The following statement provides an example:
-- Create a table named src. 
create table src (c bigint, d string);
insert into table src values (1,100.1),(2,100.2),(3,100.3);
-- Call the my_add function. 
select my_add(c) from src;
-- The following result is returned. 
+------------+
| _c0        |
+------------+
| 2          |
| 3          |
| 4          |
+------------+

Function type parameters

When you call an SQL function, you can pass in built-in functions, UDFs, or other SQL functions. The following statement provides an example:
function add(@a BIGINT) as @a + 1;
function op(@a BIGINT, @fun function (BIGINT) returns BIGINT) as @fun(@a);
select op(key, add), op(key, abs) from values (1),(2) as t (key);

-- The following result is returned. 
+------------+------------+
| _c0        | _c1        |
+------------+------------+
| 2          | 1          |
| 3          | 2          |
+------------+------------+
In the example, two input parameters are specified for the OP function. @a specifies a value of the BIGINT type. @fun specifies a function whose input and output parameters are of the BIGINT type. The OP function passes @a to the function that is specified by @fun and then to the ADD and ABS functions for processing@a. For more information about the ABS function, see Mathematical functions.

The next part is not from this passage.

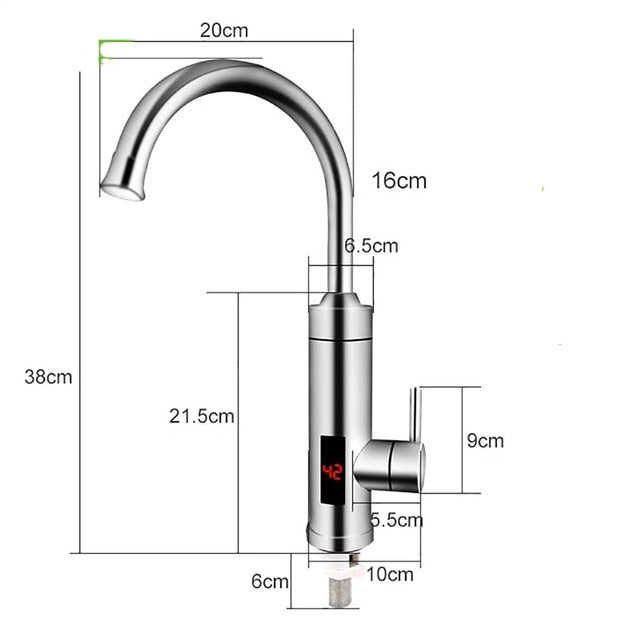 Fast Heated Water Kitchen Faucet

Anonymous function parameters

You can pass parameters of the anonymous function type to anonymous functions when you call SQL functions. The following statement provides an example:
function op(@a BIGINT, @fun function (BIGINT) returns BIGINT) as @fun(@a);
select op(key, function (@a) as @a + 1) from values (1),(2) as t (key);
In the example, function (@a) as @a + 1 is an anonymous function. You do not need to specify a data type for the @a parameter. The compiler infers the data type of @a based on the parameter definition of the OP function.

Examples

Scenario: Convert the format of a date from yyyy-mm-dd to yyyymmdd.

For example, the formats of the following dates need to be converted: 2020-11-21, 2020-1-01, 2019-5-1, and 19-12-1.

Solutions:
  • Solution 1: Use an SQL function. We recommend that you use this solution. The following statement shows an example:
    create sql function y_m_d2yyyymmdd(@y_m_d string) returns @yyyymmdd string
    as begin
        @yyyymmdd := concat(lpad(split_part(@y_m_d, '-', 1), 4, '0'), lpad(split_part(@y_m_d, '-', 2), 2, '0'), lpad(split_part(@y_m_d, '-', 3), 2, '0')) ;
    end;
    
    select y_m_d2yyyymmdd(d) from values('2020-11-21'),('2020-1-01'), ('2019-5-1'), ('19-12-1') t (d);
    The following result is returned:
    +------------+
    | _c0        |
    +------------+
    | 20201121   |
    | 20200101   |
    | 20190501   |
    | 00191201   |
    +------------+
  • Solution 2: Repeatedly call a function, which decreases the code reuse rate. Therefore, we recommend that you do not use this solution. The following statement shows an example:
    select concat(lpad(split_part(d, '-', 1), 4, '0'), lpad(split_part(d, '-', 2), 2, '0'), lpad(split_part(d, '-', 3), 2, '0')) from values('2020-11-21'),('2020-1-01'), ('2019-5-1'), ('19-12-1') t (d);
Note To write multiple SQL statements, you must use SQL in script mode. For more information, see Run MaxCompute SQL in script mode.